Although on a broad scale the haplogroup J1e frequency distribution and expansion times are consistent with the model that it tracks a possible expansion of Neolithic agro-pastoralists from the Fertile Crescent into the arid Arabian Peninsula, several caveats must be considered. First, the patchy distribution of J1e frequency in the Levant (Syria, Jordan, Israel and Palestine) may reflect the complex demographic dynamics of religion and ethnicity in the region. Second, even though the highest YSTR variance of J1e lineages is in eastern Anatolia, northern Iraq and northwest Iran, one cannot entirely rule out recent admixture as a contribution to the high variance among ethnic Assyrians.

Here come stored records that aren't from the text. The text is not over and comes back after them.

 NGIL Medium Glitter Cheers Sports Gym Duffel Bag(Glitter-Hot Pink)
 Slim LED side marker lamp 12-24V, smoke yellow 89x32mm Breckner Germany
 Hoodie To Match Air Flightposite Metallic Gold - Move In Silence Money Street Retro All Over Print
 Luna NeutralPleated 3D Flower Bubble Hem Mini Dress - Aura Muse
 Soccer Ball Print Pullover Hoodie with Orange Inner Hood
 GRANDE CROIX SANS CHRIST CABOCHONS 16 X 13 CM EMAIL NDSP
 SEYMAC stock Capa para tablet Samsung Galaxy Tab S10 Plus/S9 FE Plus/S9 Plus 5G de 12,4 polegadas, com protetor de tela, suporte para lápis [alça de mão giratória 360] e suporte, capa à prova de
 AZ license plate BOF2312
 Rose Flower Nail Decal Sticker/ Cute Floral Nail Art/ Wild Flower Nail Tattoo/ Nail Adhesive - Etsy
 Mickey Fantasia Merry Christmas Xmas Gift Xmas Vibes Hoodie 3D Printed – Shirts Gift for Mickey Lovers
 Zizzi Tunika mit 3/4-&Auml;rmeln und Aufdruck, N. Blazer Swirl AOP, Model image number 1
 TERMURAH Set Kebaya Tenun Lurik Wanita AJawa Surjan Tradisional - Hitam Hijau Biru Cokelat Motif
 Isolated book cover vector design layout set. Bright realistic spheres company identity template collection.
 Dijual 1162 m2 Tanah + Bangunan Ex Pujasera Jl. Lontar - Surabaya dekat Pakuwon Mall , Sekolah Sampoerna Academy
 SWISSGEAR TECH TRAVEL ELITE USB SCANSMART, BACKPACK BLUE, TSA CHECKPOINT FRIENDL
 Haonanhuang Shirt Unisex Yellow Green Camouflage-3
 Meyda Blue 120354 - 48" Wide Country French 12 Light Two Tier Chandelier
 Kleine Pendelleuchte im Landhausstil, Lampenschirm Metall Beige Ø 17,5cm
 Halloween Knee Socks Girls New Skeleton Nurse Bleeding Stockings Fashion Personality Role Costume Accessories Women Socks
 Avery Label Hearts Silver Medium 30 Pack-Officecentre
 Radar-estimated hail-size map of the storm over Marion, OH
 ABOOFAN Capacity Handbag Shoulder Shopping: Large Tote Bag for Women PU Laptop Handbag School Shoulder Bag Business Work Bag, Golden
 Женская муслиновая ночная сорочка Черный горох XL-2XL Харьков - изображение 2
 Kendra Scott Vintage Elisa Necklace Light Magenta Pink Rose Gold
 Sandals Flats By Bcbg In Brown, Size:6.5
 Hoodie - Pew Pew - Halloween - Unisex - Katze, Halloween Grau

A recent Bayesian analysis of Semitic languages supports an origin in the Levant 5750 years ago and subsequent arrival in the Horn of Africa from Arabia 2800 years ago,11 thus providing an indirect support of our phylogenetic clock estimates. It is important to note that the glottochronological dates yield estimates for the break-up and expansion of the Proto-Semitic language. Proto-Semitic, itself, may have been spoken in a localized linguistic community for millennia before its bifurcation into the East and West Semitic branches. In summary, haplogroup J1e data suggest an advance of the Neolithic period agriculturalists/pastoralists into the arid regions of Arabia from the Fertile Crescent and support an association with a Semitic linguistic common denominator.14

Conflict of interest

The authors declare no conflict of interest.